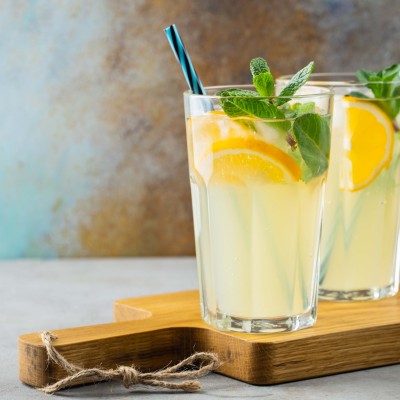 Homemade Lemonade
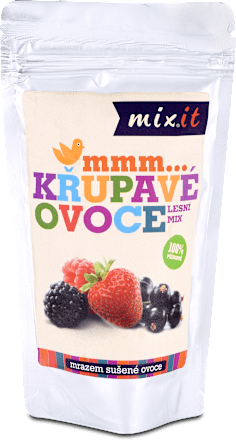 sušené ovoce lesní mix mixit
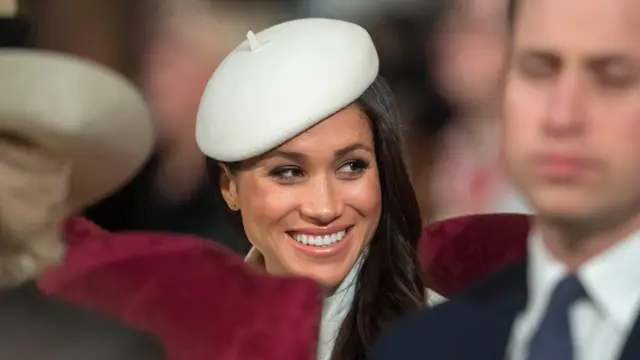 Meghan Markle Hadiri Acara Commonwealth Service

* * *

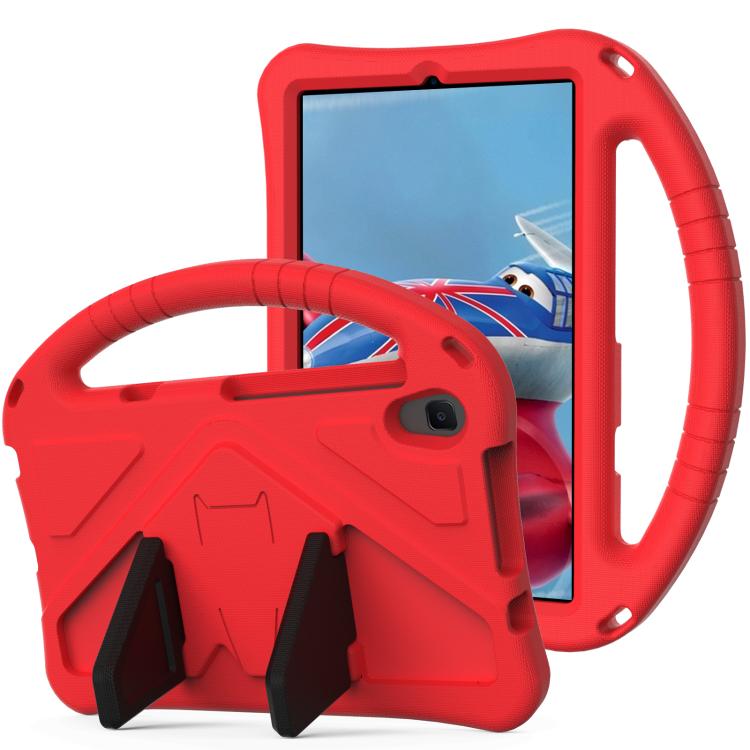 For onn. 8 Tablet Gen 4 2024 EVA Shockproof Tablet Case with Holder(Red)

→ **Task directions**
Write out exactly the lines above between the one with "Homemade Lemonade" and the one with "Meghan Markle Hadiri", inclusive, with pictures left out.

→ **Answer**
 Homemade Lemonade
 sušené ovoce lesní mix mixit
 Meghan Markle Hadiri Acara Commonwealth Service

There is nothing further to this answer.